Sean Buckley of Australian-based breeding operation Ultra Thoroughbreds, is under investigation for conducting an embryo transfer scheme in Thoroughbred mares, the Racing Post's ANZ Bloodstock reports.

Stewards for Racing Victoria are investigating allegations that the operation has been producing foals through embryo transfer: taking a fertilized egg from a mare in its ranks and placing it into another mare to carry and foal out. One of the mares in question is believed to be Miss Andretti, the 2007 Australian Horse of the Year, who has reportedly had a history of issues conceiving foals.

The allegations list multiple high-profile mares who are accused of using artificial means of conceiving foals during the 2019 Southern Hemisphere breeding season, including Strikeline, the dam of recent Group 1 winner Nature Strip.

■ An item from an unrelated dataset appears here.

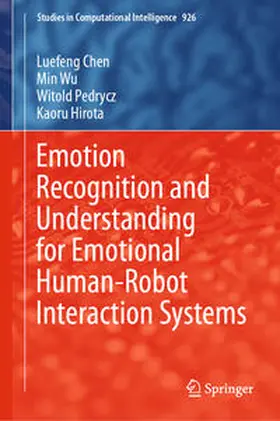 Chen / Wu / Pedrycz | Emotion Recognition and Understanding for Emotional Human-Robot Interaction Systems | E-Book | sack.de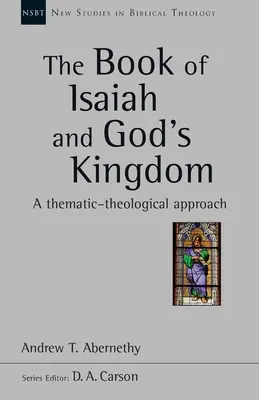 El libro de Isaías y el reino de Dios (Abernethy Andrew (Autor)) - Book of Isaiah and God's Kingdom (Abernethy Andrew (Author))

The claims allege that Miss Andretti had a filly and Strikeline had a colt during last year's foaling season, both by Buckley-owned stallion Addictive Nature, but mare returns have not been reported for either horse. Both mares were covered by another Buckley-owned stallion, Shamus Award, in December.

The rules of the Australian Stud Book – along with any globally recognized Thoroughbred stud book – state that a registered Thoroughbred can only be conceived through a live cover. Other forms of conception, including embryo transfer, artificial insemination, and cloning, are strictly prohibited within the Thoroughbred breed, through they are more commonplace within the racing spheres of the Standardbred, Quarter Horse, and Arabian breeds.

The investigation was supported on-record by representatives for breed organizations Thoroughbred Breeders Australia and Thoroughbred Breeders Victoria.